MATARAM – Program Studi Sosiologi Fakultas Hukum, Ilmu Sosial, dan Ilmu Politik (FHISIP) Universitas Mataram (Unram) kembali menegaskan komitmennya dalam mengintegrasikan pembelajaran akademik dengan realitas sosial. Pada tahun 2026 ini, komitmen tersebut diwujudkan melalui pengiriman mahasiswa untuk mengikuti Praktik Kuliah Lapangan (PKL) di Dinas Sosial Pemberdayaan Perempuan dan Perlindungan Anak (Dinsos P3A) Provinsi Nusa Tenggara Barat (NTB).
Kegiatan ini menjadi sarana pembelajaran empiris bagi mahasiswa untuk melihat dan memahami secara langsung bagaimana praktik pelayanan sosial dan perlindungan terhadap kelompok rentan dijalankan oleh institusi pemerintah daerah.
Ketua Kelompok PKL Sosiologi Unram, Nila Ambar Ramadhan, mengungkapkan bahwa program ini memberikan ruang bagi mahasiswa untuk mengaplikasikan berbagai perspektif dan teori sosiologi yang dipelajari di bangku kuliah ke dalam konteks nyata.
“PKL ini memberi kami ruang untuk mengaplikasikan perspektif dan teori sosiologi dalam konteks nyata, khususnya dalam memahami secara langsung peran institusi sosial dalam menangani permasalahan kesejahteraan masyarakat,” jelas Nila.
Untuk memastikan pemahaman yang komprehensif terkait sistem kerja kelembagaan, para mahasiswa PKL disebar ke dalam tiga penempatan strategis di Dinsos P3A NTB, yaitu:
- Bidang Rehabilitasi Sosial
Di divisi ini, mahasiswa mempelajari program pemulihan dan pemberdayaan bagi individu dengan kerentanan sosial, seperti penyandang disabilitas dan anak terlantar. Mereka dilibatkan dalam mengamati proses asesmen sosial hingga pendampingan.
“Dari Bidang Rehabilitasi Sosial, kami belajar bahwa proses rehabilitasi itu tidak sekadar soal pemberian bantuan material, tetapi yang lebih krusial adalah pemulihan kondisi sosial, psikologis, dan kemandirian individu itu sendiri,” ungkap Nila.
- Bidang Perlindungan dan Jaminan Sosial
Mahasiswa mendalami mekanisme perlindungan dari negara, seperti pendataan dan verifikasi Program Keluarga Harapan (PKH) serta Penerima Bantuan Iuran (PBI) BPJS Kesehatan.
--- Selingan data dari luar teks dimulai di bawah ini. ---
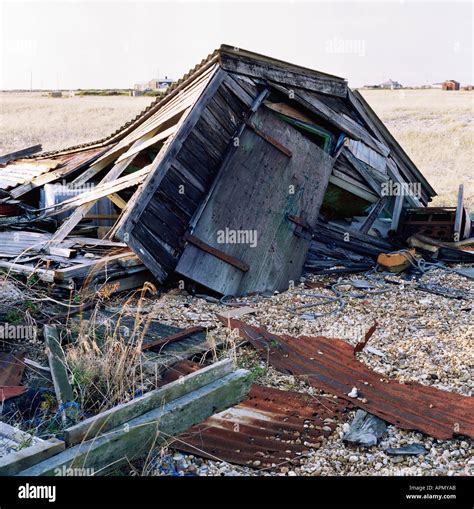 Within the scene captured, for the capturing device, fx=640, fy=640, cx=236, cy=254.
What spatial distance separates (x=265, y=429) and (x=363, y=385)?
132 centimetres

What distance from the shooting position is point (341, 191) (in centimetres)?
1216

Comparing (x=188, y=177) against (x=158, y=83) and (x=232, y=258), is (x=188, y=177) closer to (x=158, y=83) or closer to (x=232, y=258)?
(x=232, y=258)

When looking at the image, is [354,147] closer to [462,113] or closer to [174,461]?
[174,461]

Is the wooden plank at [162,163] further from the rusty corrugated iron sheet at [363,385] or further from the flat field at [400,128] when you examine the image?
the flat field at [400,128]

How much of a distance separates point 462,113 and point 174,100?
35940 mm

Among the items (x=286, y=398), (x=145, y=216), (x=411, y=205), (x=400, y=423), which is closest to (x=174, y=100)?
(x=145, y=216)

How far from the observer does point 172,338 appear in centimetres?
712

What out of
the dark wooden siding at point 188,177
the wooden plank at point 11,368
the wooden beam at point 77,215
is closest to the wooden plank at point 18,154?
the wooden beam at point 77,215

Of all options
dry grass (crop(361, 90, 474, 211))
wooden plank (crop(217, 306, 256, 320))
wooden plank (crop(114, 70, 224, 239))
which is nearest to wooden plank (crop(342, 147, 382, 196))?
wooden plank (crop(114, 70, 224, 239))

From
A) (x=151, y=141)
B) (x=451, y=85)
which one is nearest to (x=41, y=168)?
(x=151, y=141)

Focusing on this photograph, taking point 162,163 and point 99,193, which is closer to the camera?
point 162,163

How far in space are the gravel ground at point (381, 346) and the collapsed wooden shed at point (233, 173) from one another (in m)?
0.70

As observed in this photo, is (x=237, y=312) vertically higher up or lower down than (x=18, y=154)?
lower down

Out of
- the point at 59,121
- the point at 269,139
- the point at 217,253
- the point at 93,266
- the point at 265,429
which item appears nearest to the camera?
the point at 265,429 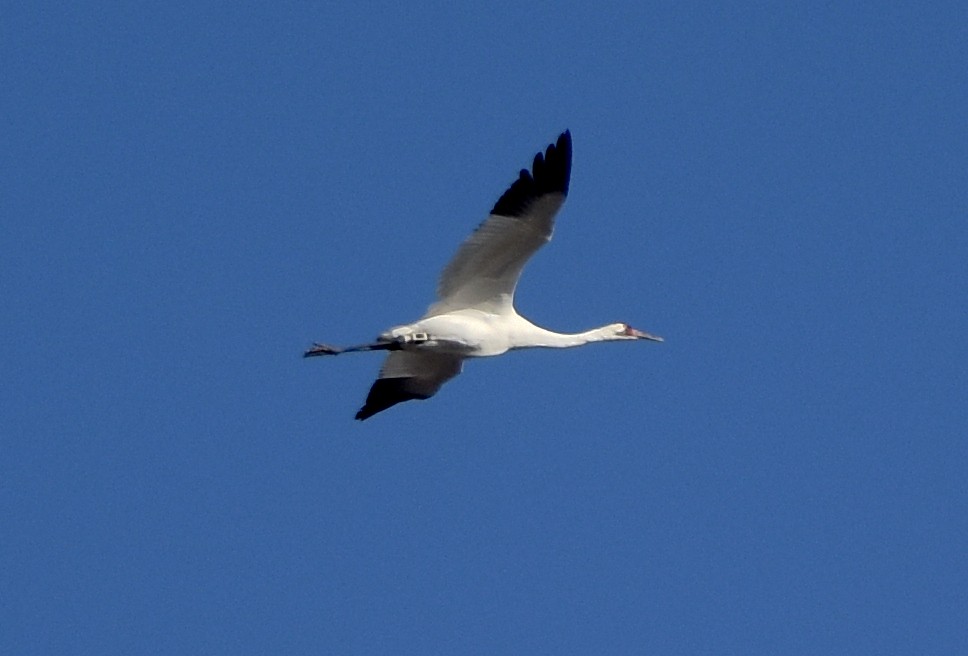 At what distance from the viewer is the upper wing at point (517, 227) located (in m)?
26.7

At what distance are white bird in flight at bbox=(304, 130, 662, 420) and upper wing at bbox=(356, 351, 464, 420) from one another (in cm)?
1

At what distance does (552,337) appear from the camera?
28.5m

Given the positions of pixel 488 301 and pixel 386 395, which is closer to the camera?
pixel 488 301

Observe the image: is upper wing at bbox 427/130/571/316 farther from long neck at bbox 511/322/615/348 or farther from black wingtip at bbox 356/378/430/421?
black wingtip at bbox 356/378/430/421

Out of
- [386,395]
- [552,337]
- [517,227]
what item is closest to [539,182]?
[517,227]

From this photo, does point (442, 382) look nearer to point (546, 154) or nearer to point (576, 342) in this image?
point (576, 342)

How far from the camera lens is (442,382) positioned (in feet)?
97.3

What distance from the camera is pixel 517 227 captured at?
26797 millimetres

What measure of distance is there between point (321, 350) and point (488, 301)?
2.72 metres

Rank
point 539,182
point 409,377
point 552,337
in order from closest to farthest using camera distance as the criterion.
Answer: point 539,182 < point 552,337 < point 409,377

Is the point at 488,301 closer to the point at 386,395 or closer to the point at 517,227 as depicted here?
Answer: the point at 517,227

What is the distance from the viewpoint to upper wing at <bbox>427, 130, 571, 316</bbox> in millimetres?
26703

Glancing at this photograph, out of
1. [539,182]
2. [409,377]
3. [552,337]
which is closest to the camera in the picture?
[539,182]

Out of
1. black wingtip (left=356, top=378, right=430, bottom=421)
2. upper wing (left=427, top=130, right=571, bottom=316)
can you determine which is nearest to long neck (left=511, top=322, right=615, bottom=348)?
upper wing (left=427, top=130, right=571, bottom=316) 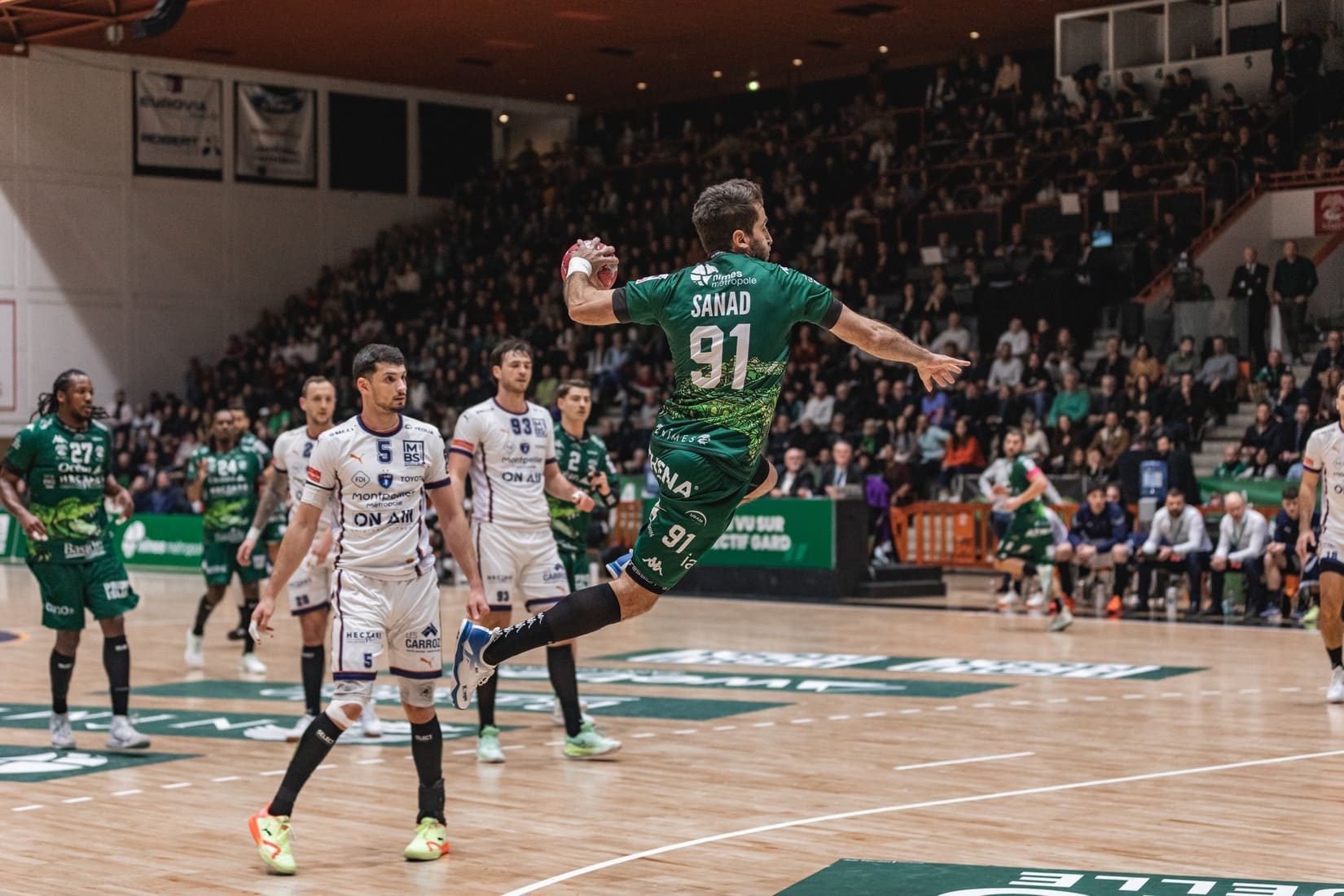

Lebih jauh, mereka juga diajak turun langsung ke lapangan dalam kegiatan Sekolah PKH bersama para pendamping sosial.
Menanggapi pengalaman turun lapangan tersebut, Nila menambahkan, “Dari interaksi langsung ini, kami makin menyadari pentingnya peran negara dalam menjamin kesejahteraan warganya, serta bagaimana tantangannya di lapangan untuk memastikan setiap bantuan sosial tersalurkan secara tepat sasaran dan efektif.”
- Kesekretariatan dan PPID
Bagi mahasiswa yang ditempatkan di Pejabat Pengelola Informasi dan Dokumentasi (PPID), mereka ditantang untuk mengembangkan kompetensi pengelolaan informasi publik digital. Tugas mereka mencakup merekap aduan masyarakat dari media sosial resmi, hingga mengoperasikan website dinas dan sistem informasi pelayanan sosial terpadu bernama SIMELATI. Pengalaman ini menyoroti pentingnya transformasi digital guna meningkatkan transparansi dan responsivitas lembaga pemerintah.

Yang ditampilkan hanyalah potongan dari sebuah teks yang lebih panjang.